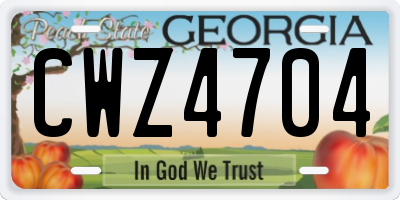 GA license plate CWZ4704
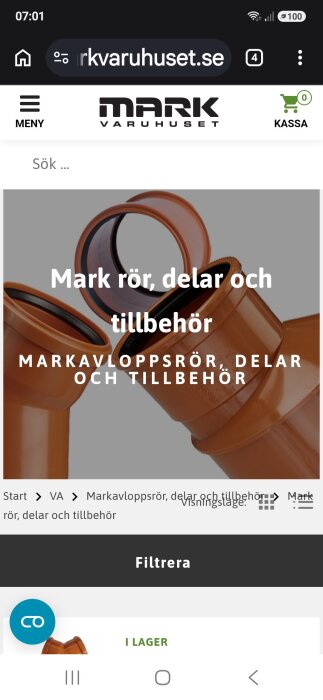 Skärmdump av en webbsida för Markvaruhuset med fokus på markavloppsrör, rördelar och tillbehör.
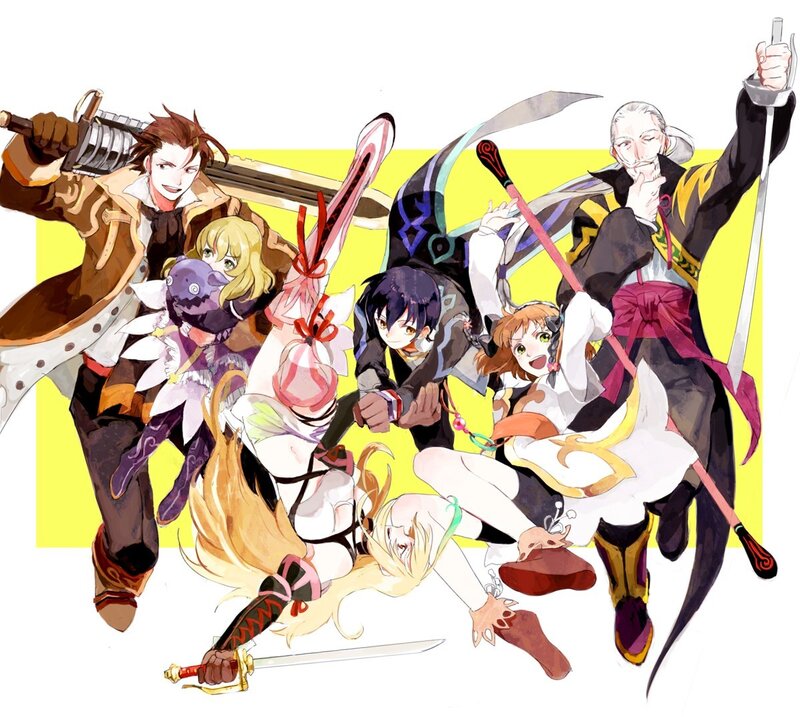 anime characters in action pose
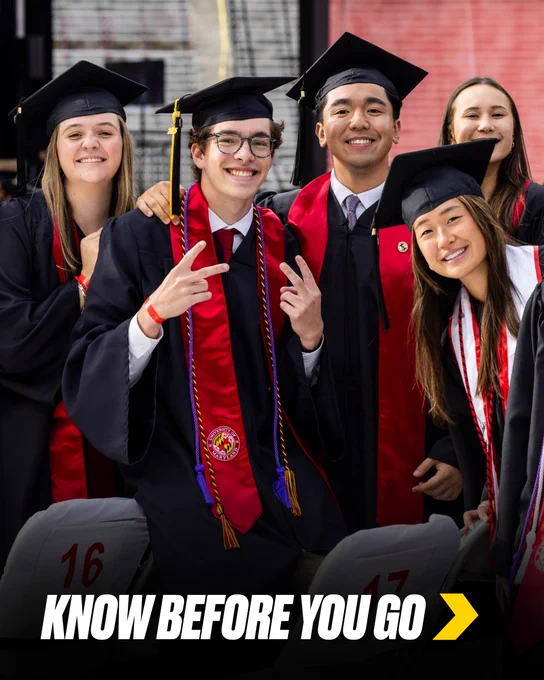  A graphic with bold text reads: “Know Before You Go”. In the background, a group of graduates pose together smiling.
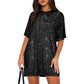 Kurzärmeliges T-Shirt-Kleid mit Rundhalsausschnitt und Pailletten für Damen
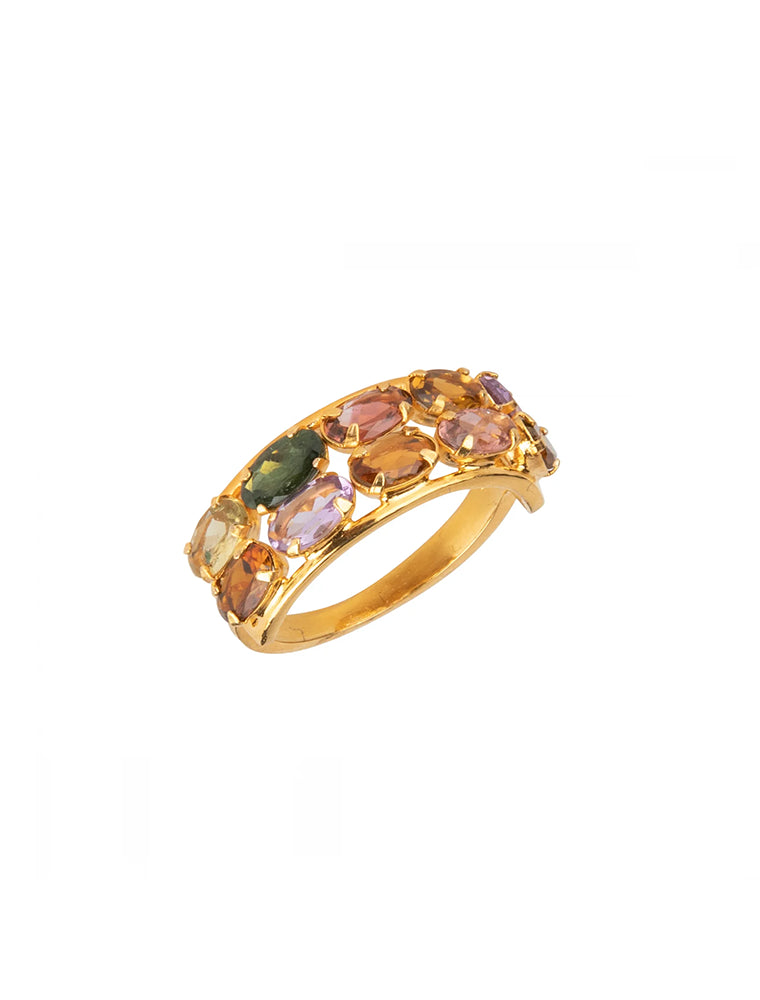 Rachel Ring, Tourmaline, 14K Gold Plated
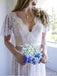 Πλέιν Λέις Καπ Σλίβες V-λαιμό Φθηνά Γαμήλια Φορέματα Online, Φθηνά Νυφικά Φορέματα, WD476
· · · ·
* [Action item]: Transcribe the whole listing, character for character, but not its images.

* [Task solution]:
 GA license plate CWZ4704
 Skärmdump av en webbsida för Markvaruhuset med fokus på markavloppsrör, rördelar och tillbehör.
 anime characters in action pose
  A graphic with bold text reads: “Know Before You Go”. In the background, a group of graduates pose together smiling.
 Kurzärmeliges T-Shirt-Kleid mit Rundhalsausschnitt und Pailletten für Damen
 Rachel Ring, Tourmaline, 14K Gold Plated
 Πλέιν Λέις Καπ Σλίβες V-λαιμό Φθηνά Γαμήλια Φορέματα Online, Φθηνά Νυφικά Φορέματα, WD476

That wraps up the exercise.